E non sono solo chiacchiere, se qualcuno ne dubitasse. Secondo uno studio presentato a fine gennaio da Alberto Vannucci, docente di scienza della politica all’università di Pisa, all’incontro su amministrazione pubblica e legalità, organizzato a Corsico dalla Scuola delle buone pratiche di Terre di mezzo e Legautonomie, nel 2010 le persone condannate per corruzione sono state appena 250. In media le denunce sono 200 all’anno. Segno che chi corrompe ha una buona probabilità di scamparla. Si legge nello studio che «da un’indagine statistica di Eurobarometro è emerso che il 13 per cento degli italiani sono stati coinvolti almeno una volta in un episodio di corruzione, come corruttori o come corrotti». Come dire, i conti non tornano.

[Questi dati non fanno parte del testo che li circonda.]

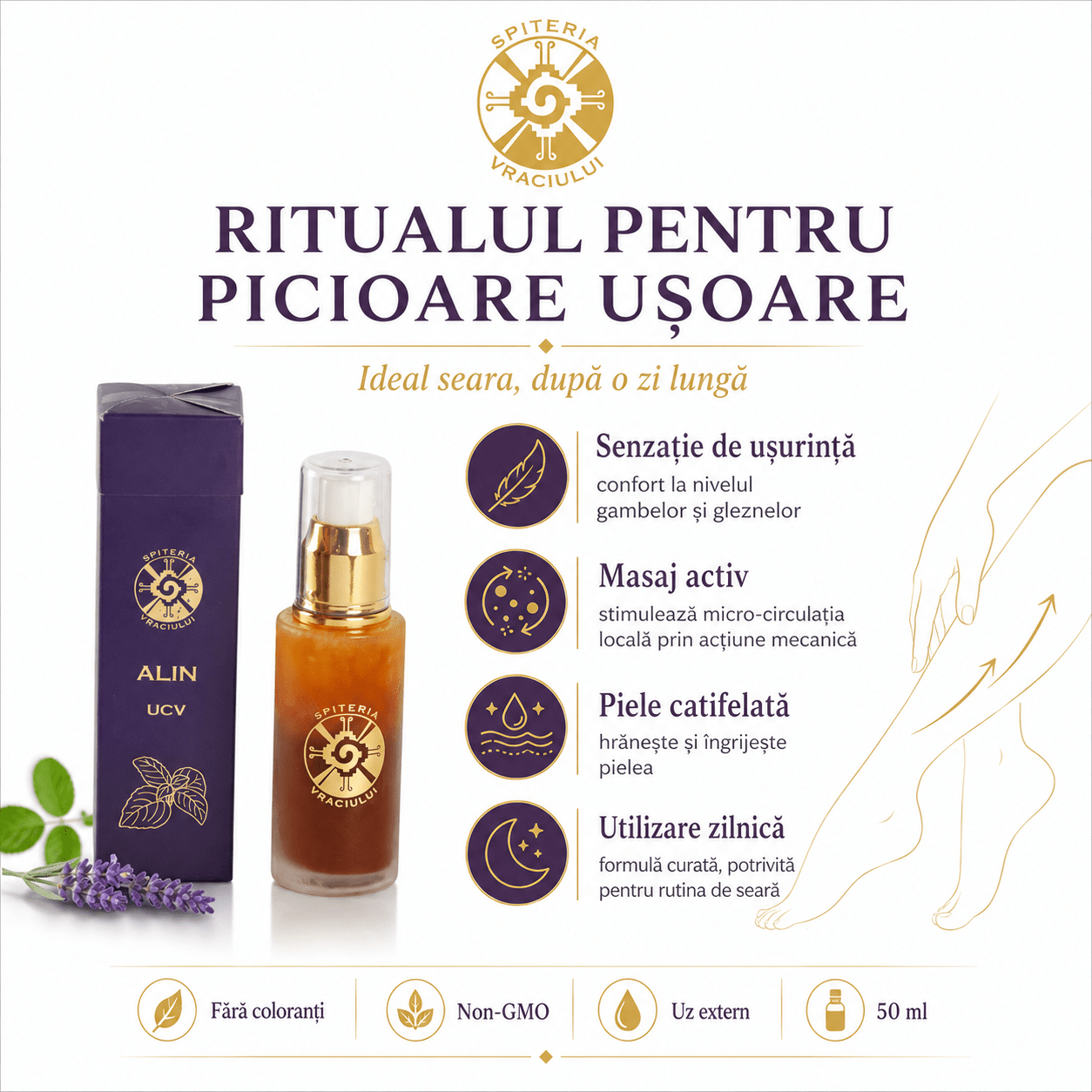 Ulei Natural pentru Varice și Circulație Venoasă – ALIN UCV - Spiteria Vraciului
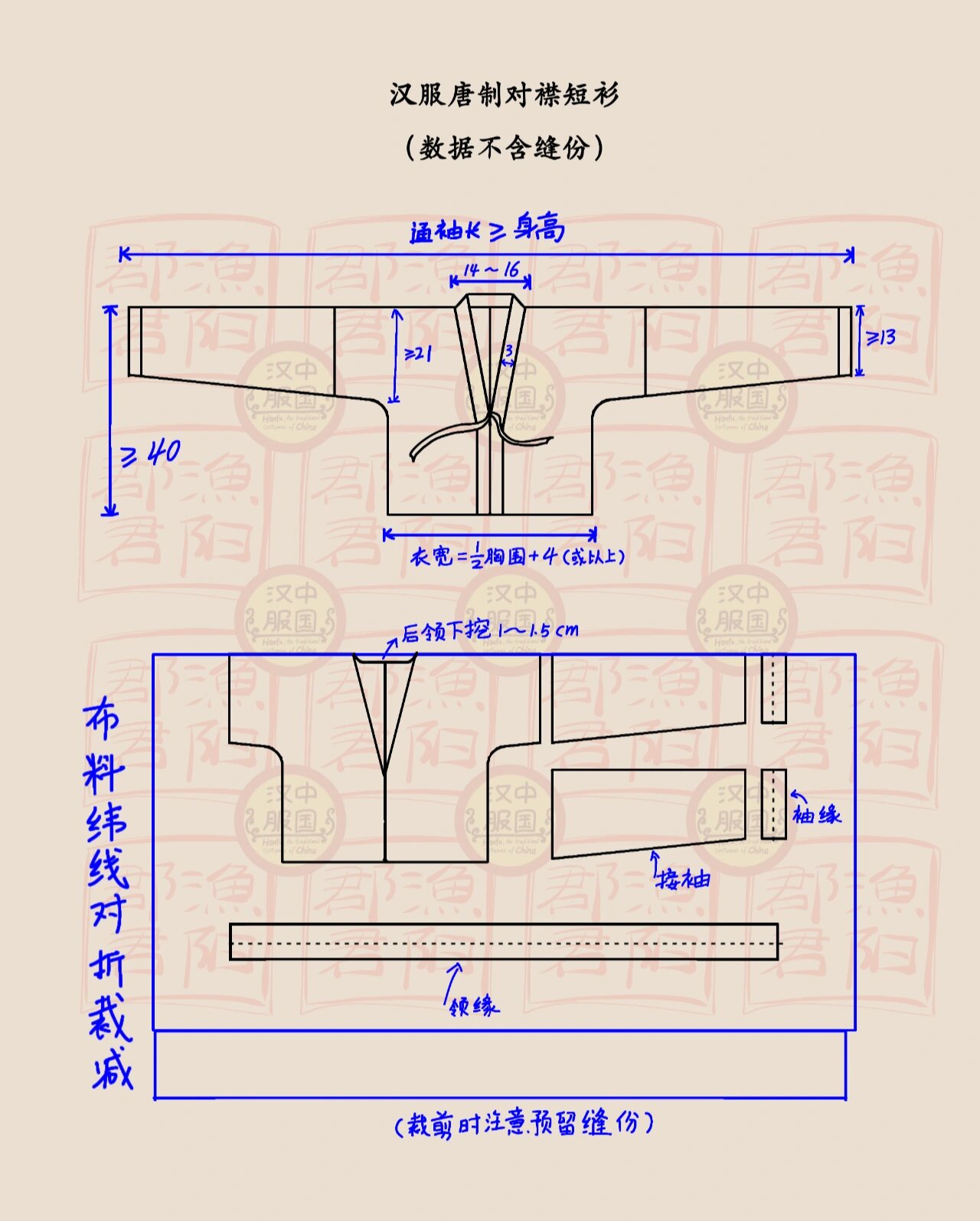 汉服之几款唐制上衣制版裁剪图 一共四款:对襟短衫2款,内搭圆领衫一款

Allo stesso incontro, il sindaco di Corsico, Maria Ferrucci, ha confermato che per i Comuni il problema principale è contrastare la corruzione e le infiltrazioni mafiose nel proprio territorio. «La corruzione crea quella fascia grigia intorno alle amministrazioni che permette a certi personaggi di fare affari», ha aggiunto Roberto Bontà, vicepresidente di Avviso Pubblico (associazione di enti locali e regionali per la formazione civile contro le mafie).

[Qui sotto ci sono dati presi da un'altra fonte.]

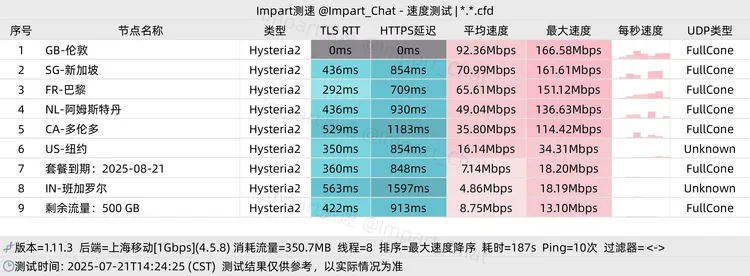 免费机场 银河驿站 500G/月, 7个节点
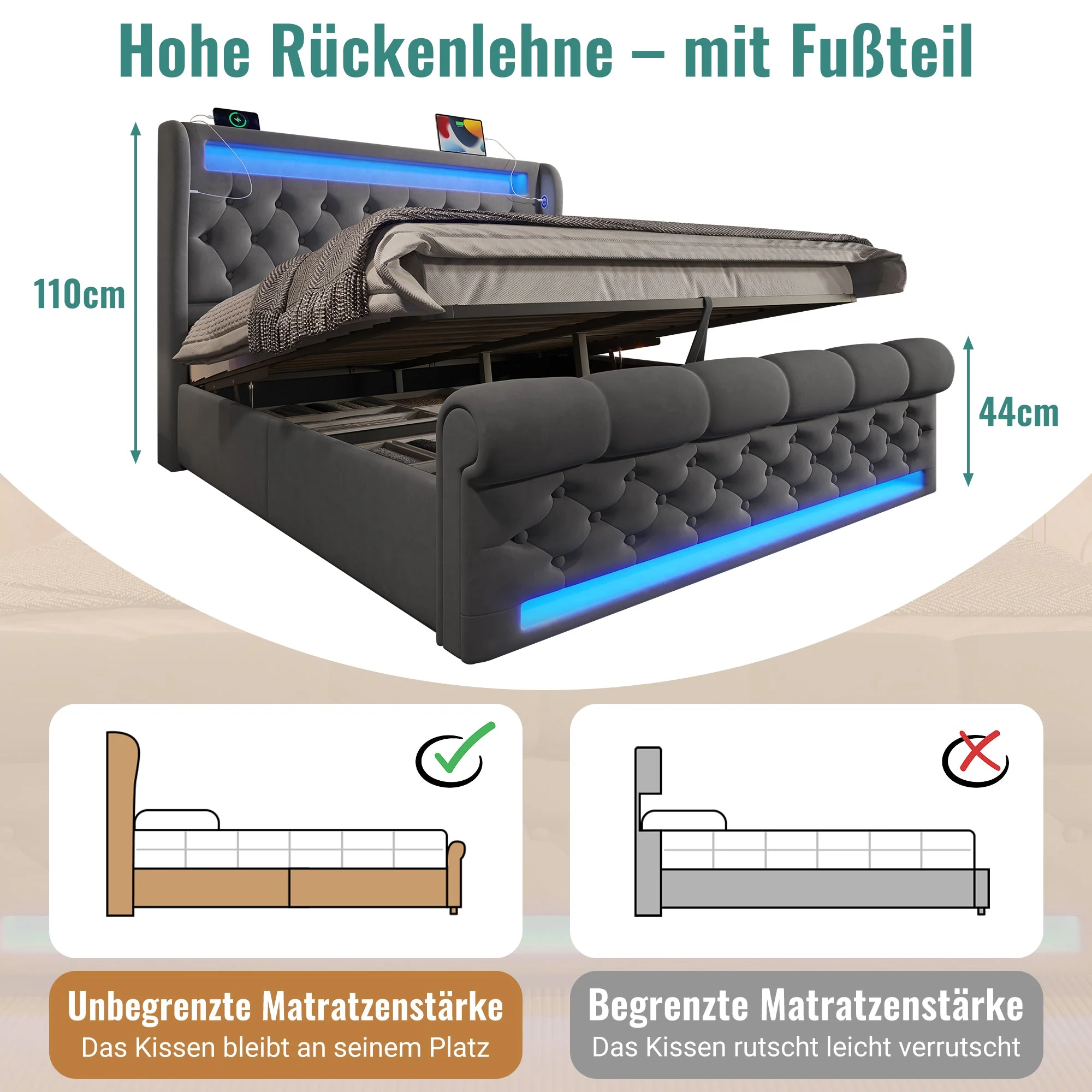 Upholstered Double Bed 140x200cm LED Headboard USB Hydraulic Storage, Grey Velvet - Image 4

Questo per sottolineare quanto poco si stia facendo per mettere in atto una vera e capillare azione di contrasto alla corruzione, dal punto di vista del diritto ma ancora prima a livello di controllo e intervento sulle attività della macchina pubblica. Tornando alla relazione di Giampaolino e Salvatore Nottola (procuratore generale della corte), il quadro che ne emerge è quello di un Paese con gravi falle da sanare in ogni settore della gestione pubblica. Dall’eccessiva pressione fiscale all’indebitamento degli enti locali e dei 5mila organismi da essi partecipati, per i quali si stima un debito pari a 34 miliardi di euro. «La gestione degli enti partecipati spesso sfugge al controllo dell’ente» e comunque sullo stesso gravano «le conseguenze dannose di una gestione disavveduta o di comportamenti illeciti, a volte anche delittuosi». La corruzione «si annida frequentemente», ha sottolineato Nottola, nelle società miste pubblico-privato che gestiscono i servizi pubblici.
Si parla poi di frodi nei programmi infrastrutturali per un miliardo di euro in dieci anni sui fondi erogati dall’Unione europea, e altre «finalizzate all’appropriazione illecita di denaro pubblico, violazione del patto di stabilità, utilizzo di strumenti finanziari derivati, emergenza rifiuti, numerosi casi in tema di malasanità, inefficienze nel settore scolastico, gravi irregolarità negli appalti di lavori, servizi e forniture, nonché opere incompiute, mal realizzate o inutilizzate, violazioni in tema di urbanistica, multiformi specie di disservizi tra i quali è stato tipizzato dalla legge anche quello dell’assenteismo». Giampaolino ha sottolineato anche l’illecito «conferimento di consulenze o incarichi, delle prestazioni rese senza titolo, delle spese di rappresentanza e dell’uso improprio di auto di servizio o di altre risorse istituzionali». Ci permettiamo di suggerire (sempre agli stessi, ossia i nostri attuali e futuri rappresentanti) che non è più il momento di preoccuparsi e denunciare, ma di agire, invece di perdere tempo a fare promesse.